REQUIREMENT
Look below for the line with "Splendido geode di"; begin the copy there and stop after the line with "Questo pezzo è", keeping the text exact and the pictures out.

RECORDS TO PROCESS
§ §

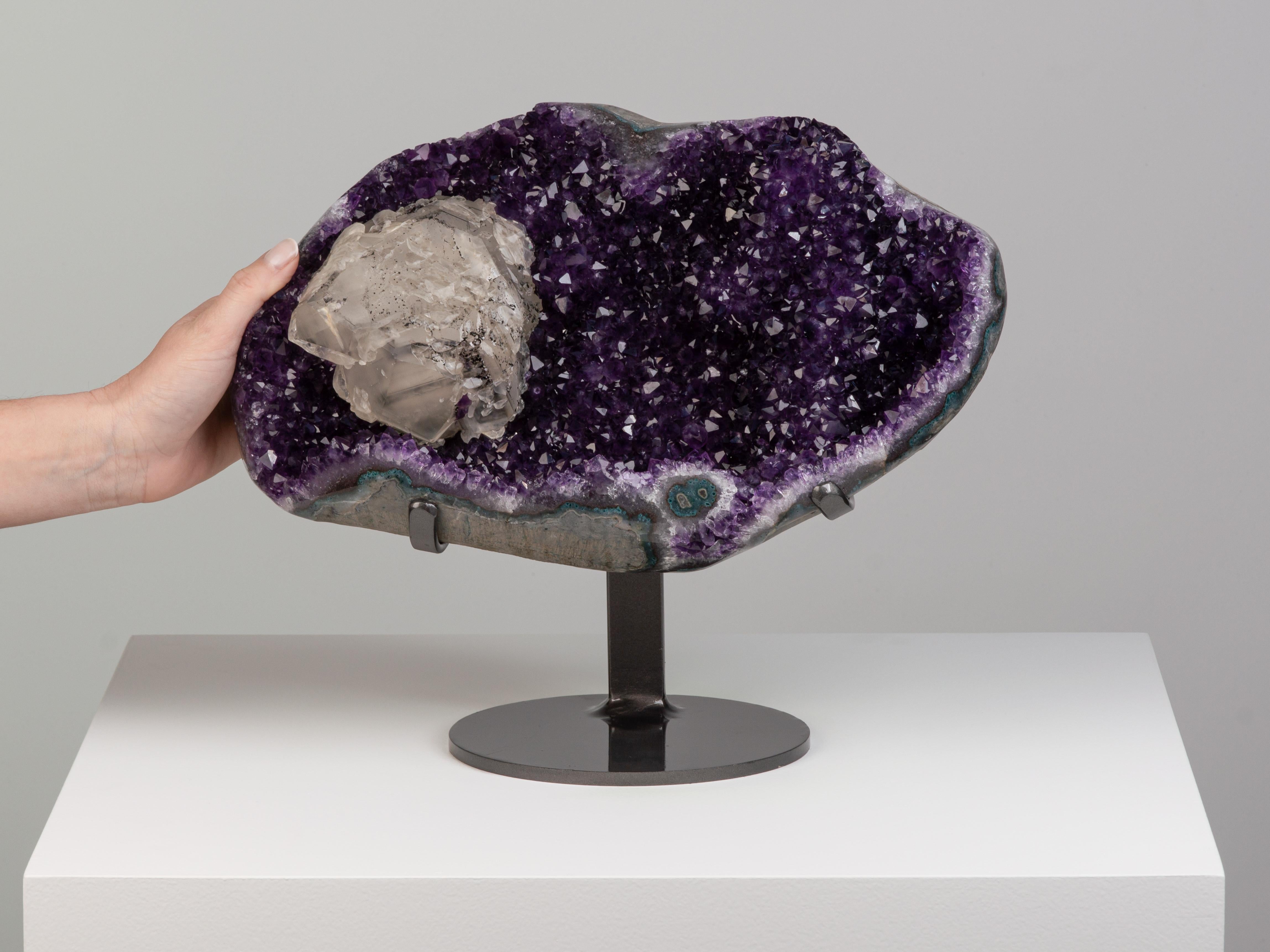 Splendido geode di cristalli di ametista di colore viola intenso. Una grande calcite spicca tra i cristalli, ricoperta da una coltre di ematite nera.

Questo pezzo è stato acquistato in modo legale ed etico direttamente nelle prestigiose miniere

§ §

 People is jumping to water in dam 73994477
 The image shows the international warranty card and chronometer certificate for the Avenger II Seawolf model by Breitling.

§ §

EXERCISE RESULT
 Splendido geode di cristalli di ametista di colore viola intenso. Una grande calcite spicca tra i cristalli, ricoperta da una coltre di ematite nera.

Questo pezzo è stato acquistato in modo legale ed etico direttamente nelle prestigiose miniere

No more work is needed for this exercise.